About a quarter to a third of the refugees were children, often in the charge of mothers whose husbands were with the army. A cohort of diarists and memoirists, including those quoted in Fleeing Hitler, caught the atmosphere well. But a short passage in Olivier Todd’s autobiography, Carte d’identités (2005), provides one of the best portraits of a mother and child taking to the road as the summer heat wave built. Todd’s mother had moved them from Paris to Alençon, just north of Le Mans, in 1939. The following year, approaching his 11th birthday, the boy watched as thousands of Dutch and Belgian refugees entered Normandy. Within a few days mother and son were part of a disparate crew including a Belgian woman with an infant at the breast, a bevy of nuns, a disabled child and two workmen unluckily seconded north from their ball-bearing factory in Toulouse. They were all packed into a Renault van heading for La Rochelle, the boy Todd nursing a cold sore and wondering, mile upon mile, what a ball-bearing could be.
On their breaks in the journey, Todd saw what everybody else was seeing before his driver decided to take the smaller roads: long lines of people, handcarts piled with furniture and bedding; victims of bombing and strafing runs, embittered soldiers; trucks and cars, bonnets up, expiring on the verges. He also remembers the cows, not milked for days, sweltering in the meadows with their udders distended. The nuns prayed for them, as they prayed for every battered village and thirsty child along the way. Young Olivier was impressed; he didn’t seem to know about the sacred order of the Fifth Column.
He and his mother would be lodging with friends outside La Rochelle. The Derryx family ran a ‘typing and business’ course, previously in Paris, and now in the sleepy town of Fouras, where they muddled along with six typewriters and three students. Not long after his arrival, Todd was sent off to the corner shop to see if there was any salt. On the way he encountered his first German soldier. The helmet and leather jacket, the motorbike and machine-gun left a lasting impression of the perfect modern warrior ‘with all eternity ahead of him’. For France, on the contrary, time had run out: the armistice was signed on 22 June and followed by the necessary pretence, for millions of people, that life might be resumed as usual or near enough. By the end of the summer, Todd and his mother, like most Parisians, had returned to the capital.
Nothing in Fleeing Hitler is quite as vivid as Todd’s recollection. Diamond feels that in general the period which ended with the armistice is under-remembered and under-commemorated, despite its serving as a backdrop to several movies and works of fiction, including Casablanca, René Clément’s Jeux interdits, Iron in the Soul and now of course Irène Némirovsky’s Suite française. Invention and memoir are not the same, she argues, as ‘collective memory’, but it may be that more recent films like Les Egarés and Bon Voyage are harbingers of a wider public interest, almost non-existent until now because it’s been difficult ‘to find any heroism in what could essentially be qualified as “running away”’.
Jean Vidalenc’s L’Exode de mai-juin 1940, published in 1957, seemed to see the stirrings of resistance in the hardships of the road.

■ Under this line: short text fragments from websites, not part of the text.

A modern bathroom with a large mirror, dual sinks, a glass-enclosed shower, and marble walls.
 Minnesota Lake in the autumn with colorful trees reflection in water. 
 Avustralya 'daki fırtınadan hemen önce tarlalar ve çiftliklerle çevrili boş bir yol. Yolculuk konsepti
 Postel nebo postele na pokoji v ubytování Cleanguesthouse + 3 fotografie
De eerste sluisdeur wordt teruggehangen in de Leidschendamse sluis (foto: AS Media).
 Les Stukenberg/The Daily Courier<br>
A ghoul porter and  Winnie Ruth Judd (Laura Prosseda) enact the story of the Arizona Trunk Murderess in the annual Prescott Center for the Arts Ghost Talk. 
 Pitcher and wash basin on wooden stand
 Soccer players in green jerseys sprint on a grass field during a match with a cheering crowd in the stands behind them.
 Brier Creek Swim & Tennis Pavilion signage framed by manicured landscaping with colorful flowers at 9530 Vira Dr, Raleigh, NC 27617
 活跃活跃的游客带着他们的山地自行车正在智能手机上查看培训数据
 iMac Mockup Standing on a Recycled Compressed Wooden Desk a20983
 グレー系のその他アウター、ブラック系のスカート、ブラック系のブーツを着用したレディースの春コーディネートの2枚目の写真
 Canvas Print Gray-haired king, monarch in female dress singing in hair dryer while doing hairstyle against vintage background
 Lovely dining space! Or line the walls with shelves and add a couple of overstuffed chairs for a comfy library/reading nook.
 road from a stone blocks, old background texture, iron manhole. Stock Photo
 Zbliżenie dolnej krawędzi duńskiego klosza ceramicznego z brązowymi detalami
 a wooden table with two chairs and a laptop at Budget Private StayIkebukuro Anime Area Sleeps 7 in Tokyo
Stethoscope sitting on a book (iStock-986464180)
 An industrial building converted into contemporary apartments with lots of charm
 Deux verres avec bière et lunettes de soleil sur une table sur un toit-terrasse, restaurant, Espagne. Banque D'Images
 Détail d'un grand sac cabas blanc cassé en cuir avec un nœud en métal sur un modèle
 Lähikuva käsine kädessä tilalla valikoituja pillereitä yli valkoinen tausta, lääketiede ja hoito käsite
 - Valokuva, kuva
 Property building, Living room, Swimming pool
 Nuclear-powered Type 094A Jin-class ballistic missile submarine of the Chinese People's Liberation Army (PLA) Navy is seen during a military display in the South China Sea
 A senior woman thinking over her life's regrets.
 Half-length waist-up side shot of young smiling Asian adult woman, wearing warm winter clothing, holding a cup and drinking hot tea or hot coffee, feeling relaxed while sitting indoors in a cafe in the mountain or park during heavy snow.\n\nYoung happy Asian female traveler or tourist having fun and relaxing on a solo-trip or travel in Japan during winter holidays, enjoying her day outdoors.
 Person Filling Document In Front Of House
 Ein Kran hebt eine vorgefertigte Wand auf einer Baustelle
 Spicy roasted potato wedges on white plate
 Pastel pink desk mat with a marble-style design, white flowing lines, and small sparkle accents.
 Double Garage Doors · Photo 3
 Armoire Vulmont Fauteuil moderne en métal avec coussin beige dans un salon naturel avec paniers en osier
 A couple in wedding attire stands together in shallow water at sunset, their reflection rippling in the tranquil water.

Diamond doubts this, though refugees, especially the evicted inhabitants of Alsace-Lorraine, were among the most willing partisans. She points to a divide, in the public memory, between the period of flight and ‘the dark years that followed’, thanks largely to the instrumental myth of resistance – the so-called Gaullist myth – told and retold to unite the country in the aftermath of disgrace. When that began to fray, a bitter debate opened up about commitment, neutrality and collaboration, leaving the exodus once more unexamined.
How it was understood at the time is Diamond’s most interesting point. The British, watching from the other side of what Weygand described as their ‘very good anti-tank ditch’, were quick to blame the refugees for the failure of French military deployments. In most cases, according to the World War Two historian Jean-Pierre Azéma, ‘the flight of civilians followed the retreat of the French armies and did not precede it,’ yet British observers in France assured Whitehall that congestion and chaos on the roads had been the critical vectors of defeat. That is why the Ministry of Home Security instructed His Majesty’s subjects to ‘stay put’ if the Germans were ever to land. (Advice was much the same, later on, in the event of a nuclear exchange, with new orders to whitewash the windows and assemble in the stair-cupboard with a jar of Bovril.) Home Security even urged people to ‘stand firm’ as the German columns rolled forward, a slightly chilling tactic to ensure that Tommy Atkins would not be hampered by huge scatterings of displaced people – better dead than spread – as he drove the enemy back into the sea.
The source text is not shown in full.